In your working directory, create a JSON file with this content named
Adfv2QuickStartPipeline.json
:{ "name": "Adfv2QuickStartPipeline", "properties": { "activities": [ { "name": "CopyFromBlobToBlob", "type": "Copy", "dependsOn": [], "policy": { "timeout": "7.00:00:00", "retry": 0, "retryIntervalInSeconds": 30, "secureOutput": false, "secureInput": false }, "userProperties": [], "typeProperties": { "source": { "type": "BinarySource", "storeSettings": { "type": "AzureBlobStorageReadSettings", "recursive": true } }, "sink": { "type": "BinarySink", "storeSettings": { "type": "AzureBlobStorageWriteSettings" } }, "enableStaging": false }, "inputs": [ { "referenceName": "InputDataset", "type": "DatasetReference" } ], "outputs": [ { "referenceName": "OutputDataset", "type": "DatasetReference" } ] } ], "annotations": [] } }
Create a pipeline named
Adfv2QuickStartPipeline
by using the az datafactory pipeline create command:az datafactory pipeline create --resource-group ADFQuickStartRG \ --factory-name ADFTutorialFactory --name Adfv2QuickStartPipeline \ --pipeline Adfv2QuickStartPipeline.json
Run the pipeline by using the az datafactory pipeline create-run command:
az datafactory pipeline create-run --resource-group ADFQuickStartRG \ --name Adfv2QuickStartPipeline --factory-name ADFTutorialFactory
This command returns a run ID. Copy it for use in the next command.

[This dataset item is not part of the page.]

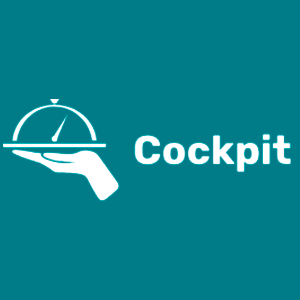 Lightspeed Integration Cockpit Logo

Verify that the pipeline run succeeded by using the az datafactory pipeline-run show command:
az datafactory pipeline-run show --resource-group ADFQuickStartRG \ --factory-name ADFTutorialFactory --run-id 00000000-0000-0000-0000-000000000000
You can also verify that your pipeline ran as expected by using the Azure portal. For more information, see Review deployed resources.
Clean up resources
All of the resources in this quickstart are part of the same resource group. To remove them all, use the az group delete command:
az group delete --name ADFQuickStartRG
If you're using this resource group for anything else, instead, delete individual resources. For instance, to remove the linked service, use the az datafactory linked-service delete command.
In this quickstart, you created the following JSON files:
- AzureStorageLinkedService.json
- InputDataset.json
- OutputDataset.json
- Adfv2QuickStartPipeline.json
Delete them by using standard Bash commands.